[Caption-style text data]
___

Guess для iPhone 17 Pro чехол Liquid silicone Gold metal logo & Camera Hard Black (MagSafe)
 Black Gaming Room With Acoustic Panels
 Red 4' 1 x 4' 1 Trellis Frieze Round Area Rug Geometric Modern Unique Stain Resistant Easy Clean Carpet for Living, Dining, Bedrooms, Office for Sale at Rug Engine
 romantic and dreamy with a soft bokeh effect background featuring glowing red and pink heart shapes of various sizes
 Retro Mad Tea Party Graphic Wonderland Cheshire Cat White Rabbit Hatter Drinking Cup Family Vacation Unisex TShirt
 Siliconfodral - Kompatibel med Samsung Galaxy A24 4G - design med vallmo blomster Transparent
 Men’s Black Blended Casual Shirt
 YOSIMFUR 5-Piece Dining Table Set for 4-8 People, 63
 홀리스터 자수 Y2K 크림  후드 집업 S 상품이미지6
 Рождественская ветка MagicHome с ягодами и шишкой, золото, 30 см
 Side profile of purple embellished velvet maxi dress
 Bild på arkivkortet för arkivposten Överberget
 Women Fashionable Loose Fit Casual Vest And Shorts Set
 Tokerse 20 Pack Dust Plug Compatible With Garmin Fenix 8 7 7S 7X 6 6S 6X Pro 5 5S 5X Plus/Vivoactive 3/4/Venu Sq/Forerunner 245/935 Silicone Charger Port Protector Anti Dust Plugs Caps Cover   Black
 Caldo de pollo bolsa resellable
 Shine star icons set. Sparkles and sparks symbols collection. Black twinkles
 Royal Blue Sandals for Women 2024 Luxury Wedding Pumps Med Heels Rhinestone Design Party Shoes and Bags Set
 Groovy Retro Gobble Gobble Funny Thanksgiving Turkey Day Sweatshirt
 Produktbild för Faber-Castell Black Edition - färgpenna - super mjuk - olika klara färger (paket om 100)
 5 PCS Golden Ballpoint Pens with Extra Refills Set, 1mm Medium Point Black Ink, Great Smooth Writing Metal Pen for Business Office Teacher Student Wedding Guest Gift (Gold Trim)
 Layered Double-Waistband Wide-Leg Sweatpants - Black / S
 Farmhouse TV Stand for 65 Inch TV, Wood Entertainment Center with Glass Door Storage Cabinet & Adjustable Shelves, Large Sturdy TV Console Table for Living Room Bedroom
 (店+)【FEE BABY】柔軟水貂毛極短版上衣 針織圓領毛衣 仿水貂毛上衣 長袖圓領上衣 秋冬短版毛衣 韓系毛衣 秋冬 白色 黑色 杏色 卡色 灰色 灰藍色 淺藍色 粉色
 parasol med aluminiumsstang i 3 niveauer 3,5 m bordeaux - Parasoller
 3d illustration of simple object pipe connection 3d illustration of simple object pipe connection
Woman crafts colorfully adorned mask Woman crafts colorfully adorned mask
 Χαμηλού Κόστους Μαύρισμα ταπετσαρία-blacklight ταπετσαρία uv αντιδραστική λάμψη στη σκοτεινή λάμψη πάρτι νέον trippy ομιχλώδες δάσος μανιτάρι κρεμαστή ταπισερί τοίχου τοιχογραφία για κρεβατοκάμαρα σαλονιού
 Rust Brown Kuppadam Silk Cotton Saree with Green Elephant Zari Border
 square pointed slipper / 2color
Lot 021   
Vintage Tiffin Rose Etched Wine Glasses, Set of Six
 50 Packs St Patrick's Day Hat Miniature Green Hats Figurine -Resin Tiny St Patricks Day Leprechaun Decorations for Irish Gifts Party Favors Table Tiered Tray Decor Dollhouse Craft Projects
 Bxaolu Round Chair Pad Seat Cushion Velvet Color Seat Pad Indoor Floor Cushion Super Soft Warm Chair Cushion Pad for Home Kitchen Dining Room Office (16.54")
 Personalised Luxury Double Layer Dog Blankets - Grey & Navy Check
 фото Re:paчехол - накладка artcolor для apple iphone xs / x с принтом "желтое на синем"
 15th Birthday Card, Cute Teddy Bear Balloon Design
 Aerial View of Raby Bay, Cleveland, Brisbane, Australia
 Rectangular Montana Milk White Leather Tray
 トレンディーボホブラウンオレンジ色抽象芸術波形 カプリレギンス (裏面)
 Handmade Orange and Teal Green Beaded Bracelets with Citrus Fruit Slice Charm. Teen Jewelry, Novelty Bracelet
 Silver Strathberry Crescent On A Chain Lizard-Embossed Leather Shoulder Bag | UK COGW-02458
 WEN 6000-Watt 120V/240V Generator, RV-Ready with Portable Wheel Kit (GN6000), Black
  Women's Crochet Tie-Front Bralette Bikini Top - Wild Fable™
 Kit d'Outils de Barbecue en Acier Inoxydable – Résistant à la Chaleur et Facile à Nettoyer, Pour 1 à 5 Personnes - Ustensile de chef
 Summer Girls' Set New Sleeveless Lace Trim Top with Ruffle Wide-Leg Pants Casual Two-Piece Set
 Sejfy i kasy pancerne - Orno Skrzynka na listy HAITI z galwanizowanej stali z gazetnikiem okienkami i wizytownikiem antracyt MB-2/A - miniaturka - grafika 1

___

Provide all the records again, word for word.

* Solution for this exercise:
Guess для iPhone 17 Pro чехол Liquid silicone Gold metal logo & Camera Hard Black (MagSafe)
 Black Gaming Room With Acoustic Panels
 Red 4' 1 x 4' 1 Trellis Frieze Round Area Rug Geometric Modern Unique Stain Resistant Easy Clean Carpet for Living, Dining, Bedrooms, Office for Sale at Rug Engine
 romantic and dreamy with a soft bokeh effect background featuring glowing red and pink heart shapes of various sizes
 Retro Mad Tea Party Graphic Wonderland Cheshire Cat White Rabbit Hatter Drinking Cup Family Vacation Unisex TShirt
 Siliconfodral - Kompatibel med Samsung Galaxy A24 4G - design med vallmo blomster Transparent
 Men’s Black Blended Casual Shirt
 YOSIMFUR 5-Piece Dining Table Set for 4-8 People, 63
 홀리스터 자수 Y2K 크림  후드 집업 S 상품이미지6
 Рождественская ветка MagicHome с ягодами и шишкой, золото, 30 см
 Side profile of purple embellished velvet maxi dress
 Bild på arkivkortet för arkivposten Överberget
 Women Fashionable Loose Fit Casual Vest And Shorts Set
 Tokerse 20 Pack Dust Plug Compatible With Garmin Fenix 8 7 7S 7X 6 6S 6X Pro 5 5S 5X Plus/Vivoactive 3/4/Venu Sq/Forerunner 245/935 Silicone Charger Port Protector Anti Dust Plugs Caps Cover   Black
 Caldo de pollo bolsa resellable
 Shine star icons set. Sparkles and sparks symbols collection. Black twinkles
 Royal Blue Sandals for Women 2024 Luxury Wedding Pumps Med Heels Rhinestone Design Party Shoes and Bags Set
 Groovy Retro Gobble Gobble Funny Thanksgiving Turkey Day Sweatshirt
 Produktbild för Faber-Castell Black Edition - färgpenna - super mjuk - olika klara färger (paket om 100)
 5 PCS Golden Ballpoint Pens with Extra Refills Set, 1mm Medium Point Black Ink, Great Smooth Writing Metal Pen for Business Office Teacher Student Wedding Guest Gift (Gold Trim)
 Layered Double-Waistband Wide-Leg Sweatpants - Black / S
 Farmhouse TV Stand for 65 Inch TV, Wood Entertainment Center with Glass Door Storage Cabinet & Adjustable Shelves, Large Sturdy TV Console Table for Living Room Bedroom
 (店+)【FEE BABY】柔軟水貂毛極短版上衣 針織圓領毛衣 仿水貂毛上衣 長袖圓領上衣 秋冬短版毛衣 韓系毛衣 秋冬 白色 黑色 杏色 卡色 灰色 灰藍色 淺藍色 粉色
 parasol med aluminiumsstang i 3 niveauer 3,5 m bordeaux - Parasoller
 3d illustration of simple object pipe connection 3d illustration of simple object pipe connection
Woman crafts colorfully adorned mask Woman crafts colorfully adorned mask
 Χαμηλού Κόστους Μαύρισμα ταπετσαρία-blacklight ταπετσαρία uv αντιδραστική λάμψη στη σκοτεινή λάμψη πάρτι νέον trippy ομιχλώδες δάσος μανιτάρι κρεμαστή ταπισερί τοίχου τοιχογραφία για κρεβατοκάμαρα σαλονιού
 Rust Brown Kuppadam Silk Cotton Saree with Green Elephant Zari Border
 square pointed slipper / 2color
Lot 021   
Vintage Tiffin Rose Etched Wine Glasses, Set of Six
 50 Packs St Patrick's Day Hat Miniature Green Hats Figurine -Resin Tiny St Patricks Day Leprechaun Decorations for Irish Gifts Party Favors Table Tiered Tray Decor Dollhouse Craft Projects
 Bxaolu Round Chair Pad Seat Cushion Velvet Color Seat Pad Indoor Floor Cushion Super Soft Warm Chair Cushion Pad for Home Kitchen Dining Room Office (16.54")
 Personalised Luxury Double Layer Dog Blankets - Grey & Navy Check
 фото Re:paчехол - накладка artcolor для apple iphone xs / x с принтом "желтое на синем"
 15th Birthday Card, Cute Teddy Bear Balloon Design
 Aerial View of Raby Bay, Cleveland, Brisbane, Australia
 Rectangular Montana Milk White Leather Tray
 トレンディーボホブラウンオレンジ色抽象芸術波形 カプリレギンス (裏面)
 Handmade Orange and Teal Green Beaded Bracelets with Citrus Fruit Slice Charm. Teen Jewelry, Novelty Bracelet
 Silver Strathberry Crescent On A Chain Lizard-Embossed Leather Shoulder Bag | UK COGW-02458
 WEN 6000-Watt 120V/240V Generator, RV-Ready with Portable Wheel Kit (GN6000), Black
  Women's Crochet Tie-Front Bralette Bikini Top - Wild Fable™
 Kit d'Outils de Barbecue en Acier Inoxydable – Résistant à la Chaleur et Facile à Nettoyer, Pour 1 à 5 Personnes - Ustensile de chef
 Summer Girls' Set New Sleeveless Lace Trim Top with Ruffle Wide-Leg Pants Casual Two-Piece Set
 Sejfy i kasy pancerne - Orno Skrzynka na listy HAITI z galwanizowanej stali z gazetnikiem okienkami i wizytownikiem antracyt MB-2/A - miniaturka - grafika 1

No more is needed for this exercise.